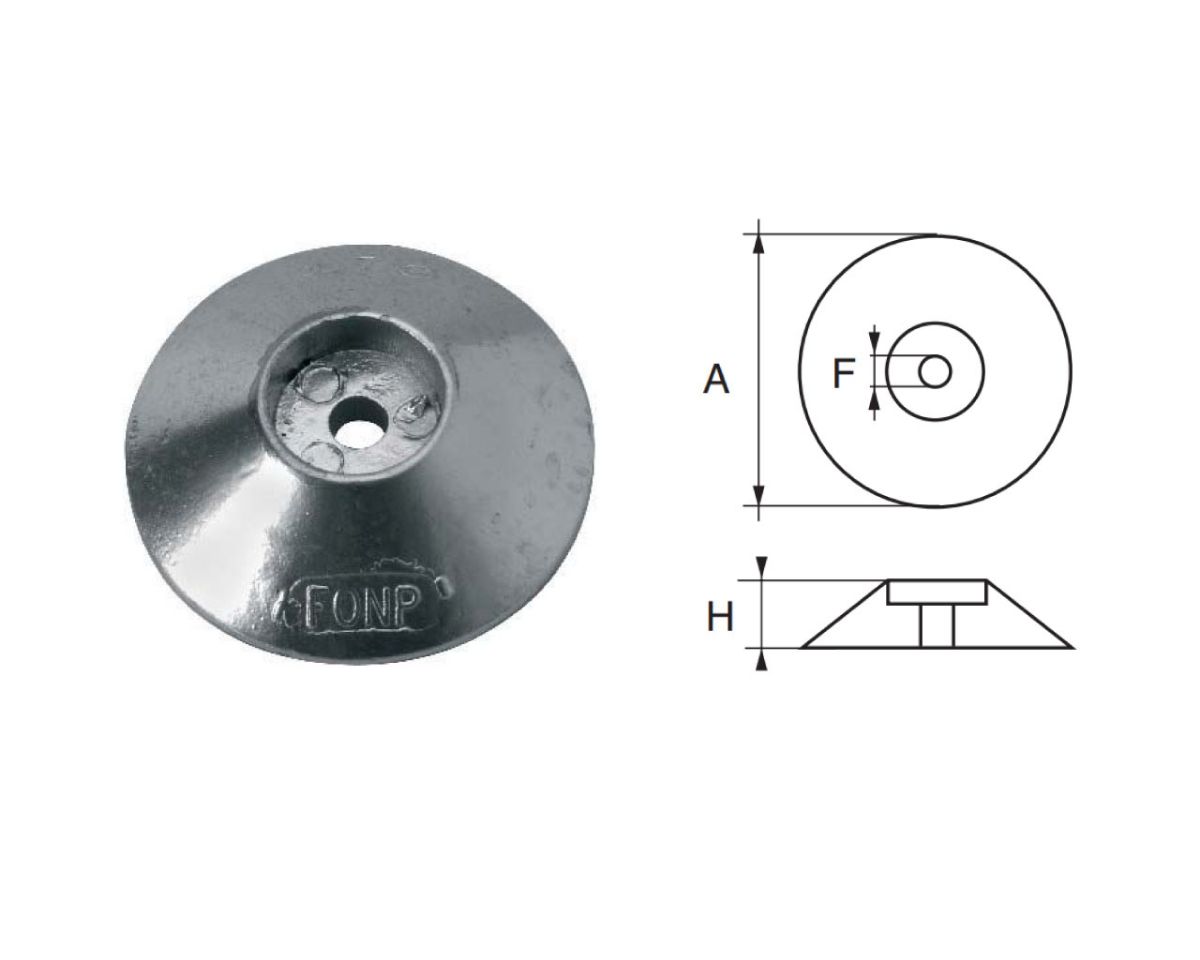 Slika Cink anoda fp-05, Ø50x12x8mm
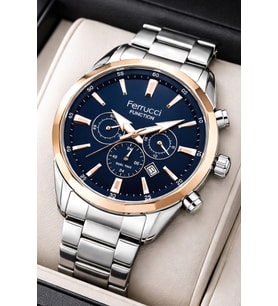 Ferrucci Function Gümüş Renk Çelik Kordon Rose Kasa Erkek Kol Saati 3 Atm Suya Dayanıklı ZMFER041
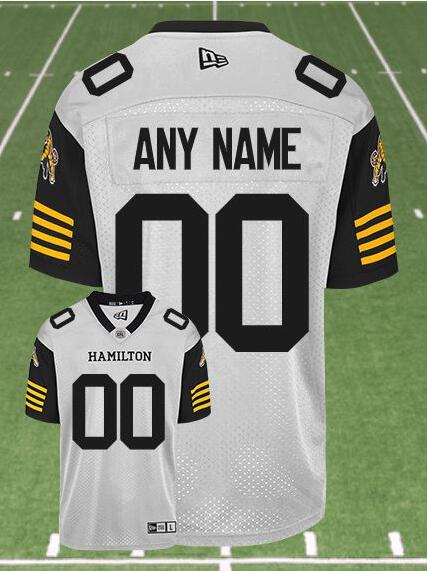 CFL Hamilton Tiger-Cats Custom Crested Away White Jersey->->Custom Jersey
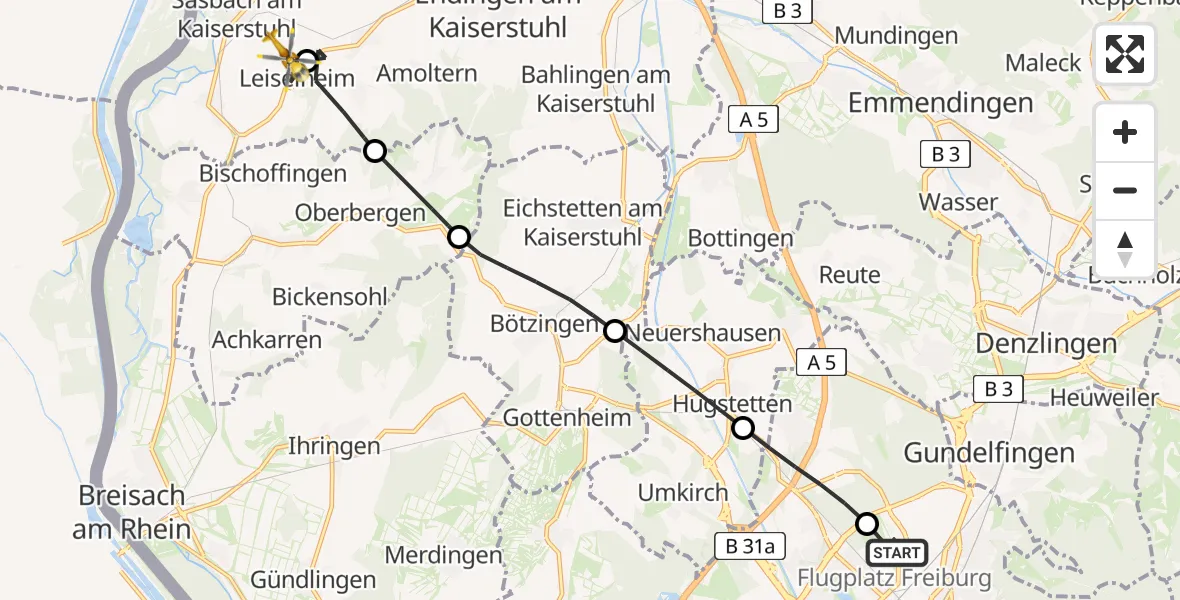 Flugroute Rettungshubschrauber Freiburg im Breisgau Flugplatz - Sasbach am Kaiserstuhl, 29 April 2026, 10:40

==

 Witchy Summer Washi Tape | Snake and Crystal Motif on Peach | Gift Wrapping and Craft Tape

==

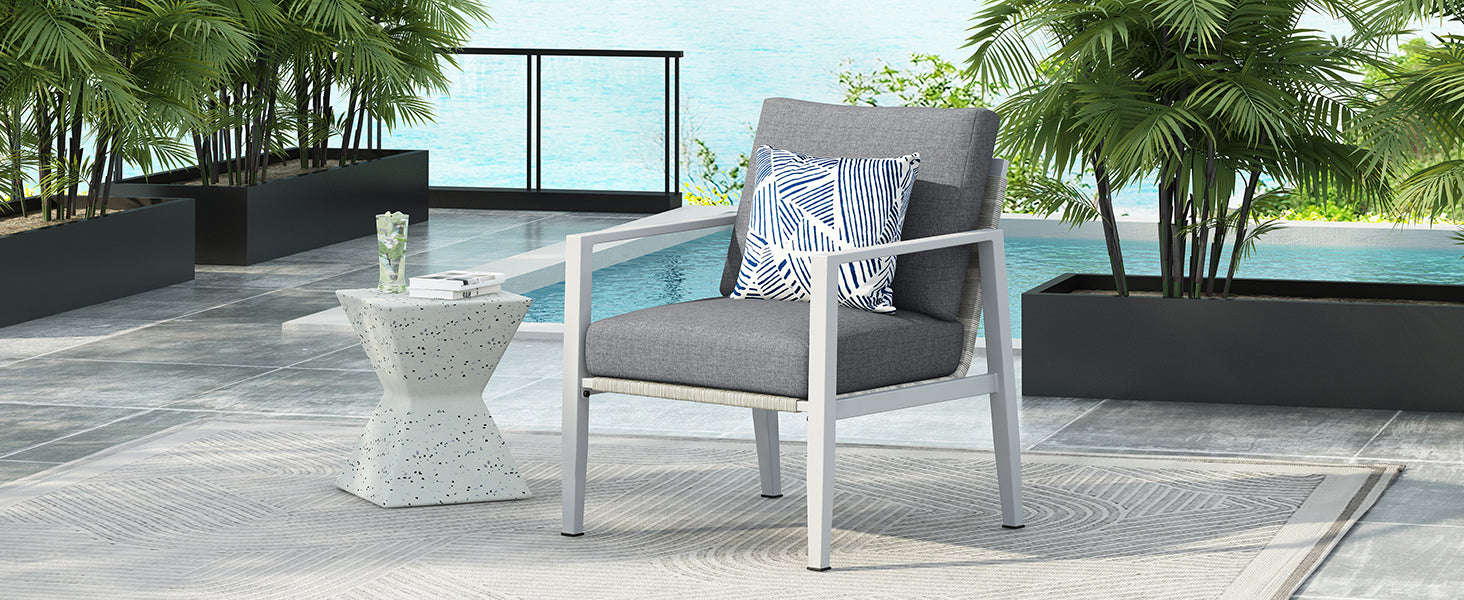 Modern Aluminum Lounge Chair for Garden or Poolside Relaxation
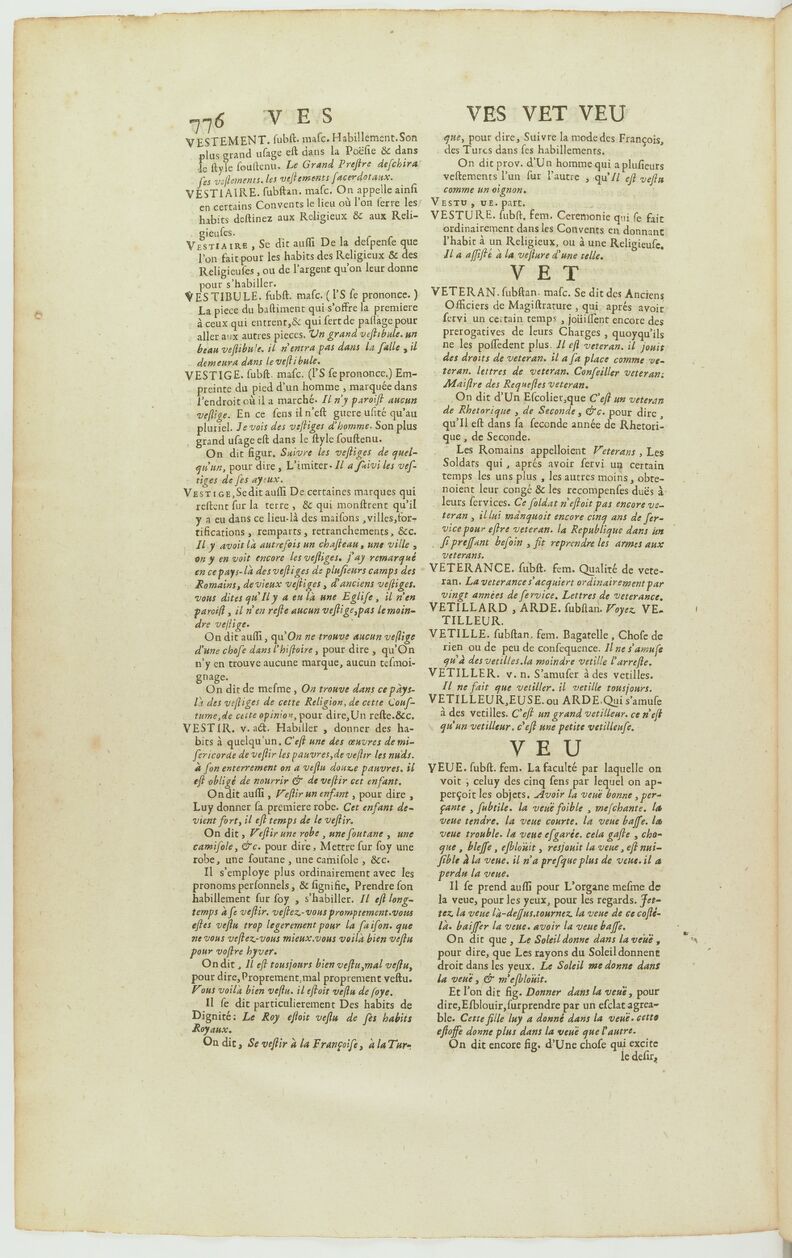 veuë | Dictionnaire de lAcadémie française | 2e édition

- Exercise aim: Would you copy the lines above exactly, starting with the one that has "Modern Aluminum Lounge" and ending with the one that has "veuë | Dictionnaire", both included, without the pictures?

- Result of the exercise:
 Modern Aluminum Lounge Chair for Garden or Poolside Relaxation
 veuë | Dictionnaire de lAcadémie française | 2e édition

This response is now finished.